Contents

1 Introduction

1.1 The Comparative Toxicogenomics Database

The Comparative Toxicogenomics Database (CTDbase; http://ctdbase.org) is a public resource for toxicogenomic information manually curated from the peer-reviewed scientific literature, providing key information about the interactions of environmental chemicals with gene products and their effect on human disease [1][2].

1.2 CTDquerier R package

CTDquerier is an R package that allows to R users to download basic data from CTDbase about genes, chemicals and diseases. Once the user’s input is validated allows to query CTDbase to download the information of the given input from the other modules.

2 Quering The Comparative Toxicogenomics Database

CTDbase offers a public web-based interface that includes basic and advanced query options to access data for sequences, references, and toxic agents, and a platform for analysis sequences.

2.2 Batch Query

The Batch Query tool (http://ctdbase.org/tools/batchQuery.go) is a provided by CTDbase and allows to download custom data associated with a set of chemicals, diseases and genes amount others.

The Comparative Toxicogenomics Database - Batch Query

The Comparative Toxicogenomics Database - Batch Query

Given a set of terms the tool allows to download (as .tsv, .xml, …) curated or inferred data from CTDbase associated to the terms of interest. Table 1 indicates the type of available data depending on input terms, being C curated, I inferred, E enriched and A all.

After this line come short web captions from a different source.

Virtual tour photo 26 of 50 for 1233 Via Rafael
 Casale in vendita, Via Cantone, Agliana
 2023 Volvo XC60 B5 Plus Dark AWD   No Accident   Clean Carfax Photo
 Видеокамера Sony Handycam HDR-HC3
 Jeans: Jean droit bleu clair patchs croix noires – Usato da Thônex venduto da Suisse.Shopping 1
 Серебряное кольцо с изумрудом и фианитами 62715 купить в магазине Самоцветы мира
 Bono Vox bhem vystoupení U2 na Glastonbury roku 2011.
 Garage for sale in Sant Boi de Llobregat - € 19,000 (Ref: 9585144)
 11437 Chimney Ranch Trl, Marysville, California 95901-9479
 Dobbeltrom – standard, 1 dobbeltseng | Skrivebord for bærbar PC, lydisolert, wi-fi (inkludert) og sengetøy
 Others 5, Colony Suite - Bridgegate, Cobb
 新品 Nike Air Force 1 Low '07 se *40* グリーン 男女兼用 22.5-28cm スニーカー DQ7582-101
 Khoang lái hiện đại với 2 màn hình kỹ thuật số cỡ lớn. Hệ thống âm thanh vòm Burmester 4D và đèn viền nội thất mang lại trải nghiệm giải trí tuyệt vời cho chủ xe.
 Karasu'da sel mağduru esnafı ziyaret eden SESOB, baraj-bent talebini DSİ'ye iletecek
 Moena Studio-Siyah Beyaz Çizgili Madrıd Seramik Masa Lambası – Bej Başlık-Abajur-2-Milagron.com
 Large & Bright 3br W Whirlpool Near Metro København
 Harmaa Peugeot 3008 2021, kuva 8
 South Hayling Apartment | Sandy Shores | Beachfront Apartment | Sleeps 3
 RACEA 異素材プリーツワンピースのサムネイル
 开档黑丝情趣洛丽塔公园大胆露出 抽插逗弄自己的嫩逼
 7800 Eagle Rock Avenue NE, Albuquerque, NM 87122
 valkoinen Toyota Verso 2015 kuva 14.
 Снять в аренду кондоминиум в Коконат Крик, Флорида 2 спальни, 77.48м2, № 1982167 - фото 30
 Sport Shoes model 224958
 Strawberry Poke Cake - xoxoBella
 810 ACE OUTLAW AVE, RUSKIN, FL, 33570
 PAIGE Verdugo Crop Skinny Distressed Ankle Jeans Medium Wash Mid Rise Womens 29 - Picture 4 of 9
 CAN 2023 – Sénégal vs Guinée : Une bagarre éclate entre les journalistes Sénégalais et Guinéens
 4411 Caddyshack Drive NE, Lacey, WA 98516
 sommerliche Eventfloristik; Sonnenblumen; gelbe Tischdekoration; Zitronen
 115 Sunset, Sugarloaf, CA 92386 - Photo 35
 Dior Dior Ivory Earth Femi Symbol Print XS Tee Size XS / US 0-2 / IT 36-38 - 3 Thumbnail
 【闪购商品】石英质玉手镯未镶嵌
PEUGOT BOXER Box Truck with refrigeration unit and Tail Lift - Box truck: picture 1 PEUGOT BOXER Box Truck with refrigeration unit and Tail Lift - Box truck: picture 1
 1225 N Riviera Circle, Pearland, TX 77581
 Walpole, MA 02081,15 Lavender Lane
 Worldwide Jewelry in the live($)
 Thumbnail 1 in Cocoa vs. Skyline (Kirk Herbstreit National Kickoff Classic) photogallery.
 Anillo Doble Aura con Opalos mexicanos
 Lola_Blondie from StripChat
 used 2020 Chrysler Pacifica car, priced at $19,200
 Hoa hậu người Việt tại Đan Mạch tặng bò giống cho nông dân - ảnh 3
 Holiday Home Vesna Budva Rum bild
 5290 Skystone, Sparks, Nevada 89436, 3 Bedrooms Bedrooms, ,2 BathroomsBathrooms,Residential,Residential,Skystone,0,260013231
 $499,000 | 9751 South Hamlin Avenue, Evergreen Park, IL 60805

Table 1: Type of available data in Batch Query depending on type of input terms
Data Available/Input Data Chemicals Diseases Genes
Chemical–gene interactions C C
Chemical associations A,C,I C
Gene associations C A,C,I C
Disease associations A,C,I A,C,I
Pathway associations I,E I C
Gene Ontology associations A,E A

The resulting tables obtained from querying CTDbase using the Batch Query tool with the gene XKR4 and asking for associated chemicals and associated diseases (curated, inferred and all) are included in CTDquerier R package (queries performed 2018/JAN/02).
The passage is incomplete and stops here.